そう言えば、これって、まるで千光寺山から見える瀬戸内海の島々のようだ。千光寺山に登ると、眼下に大小さまざまな瀬戸内の美しい島々が見える。当然ながら、一つ一つの島は大きさも違うし、形も違う。造船所の大きなクレーンが建っている島があったり、湾の中に小さな集落を抱える島があったりする。橋でつながっていて、道路をスイスイ自動車が走っている島があるかと思えば、ポツンと浮かんでいる緑だけの小さく可愛い島もある。それぞれの島では、それぞれの島を故郷とする人たちが、今日もそれぞれの仕事をしながら、毎日の生活を営んでいる。それぞれの島で暮らしている人の文化や暮らしぶりは違うはずなんだけど、千光寺からみる美しい瀬戸内の風景はそれらさえも渾然一体となって、一つの美しいパノラマになっている。

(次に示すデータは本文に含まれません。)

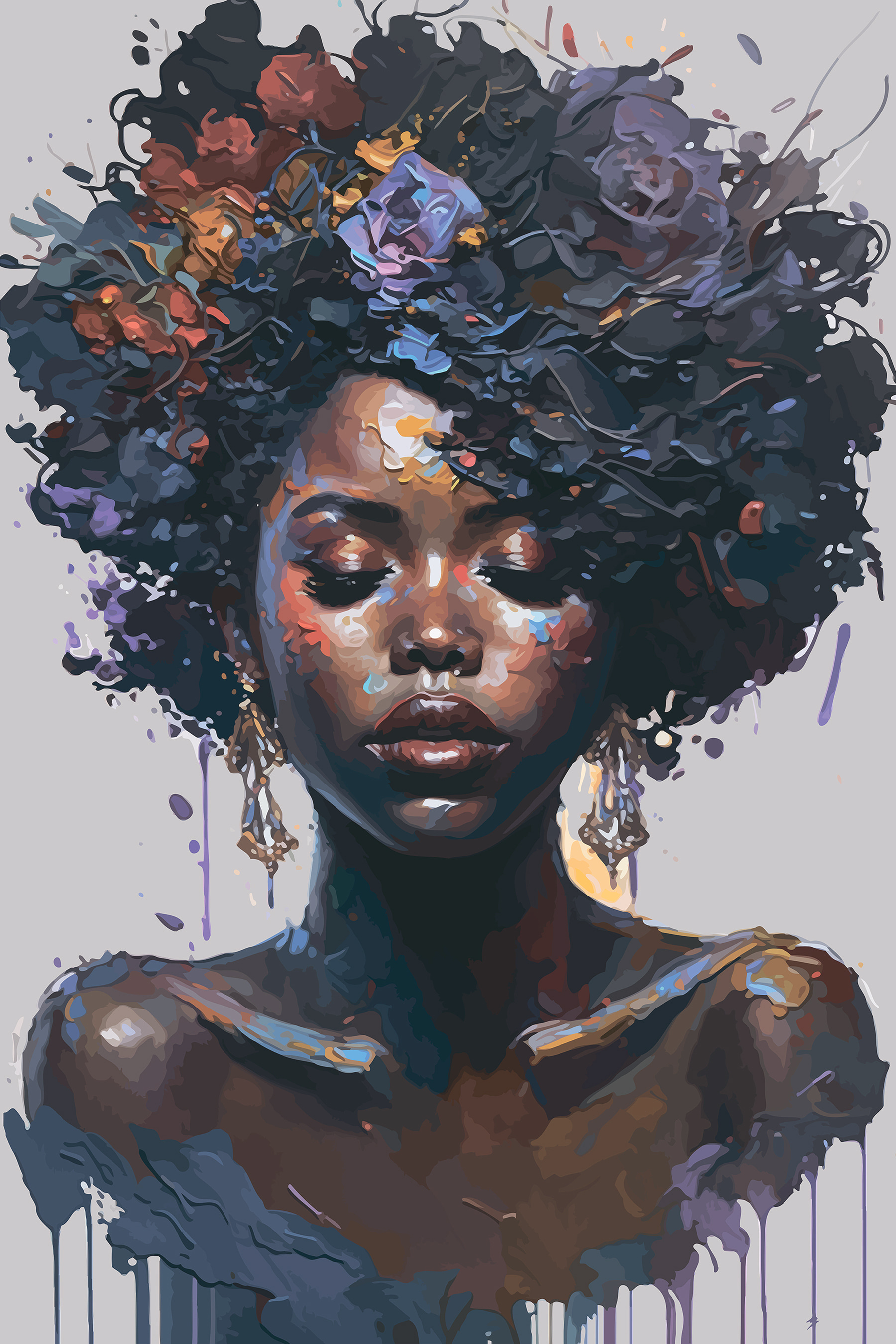 A woman with flowers in her hair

きっと、尾道の町もこれと同じなんじゃないのかなって思う。尾道のお店は、一軒一軒扱っている商品やサービスも違うし、お店の規模も違うし、働いている人のスタイルだって違う。でも、それが一つ一つとっても魅力的で、個性的でありながら尾道の町に溶け込んでて、なぜか町全体が一つのパノラマになっている。そんなところが、いつの間にか全国の人を惹きつけてやまない尾道っていう町の魅力になっているんだろうなあって、ボクは考えている。今回選ばれたお店はどこも、訪れるみなさんを決して落胆させることはない店だと、審査委員長として胸を張ることができる。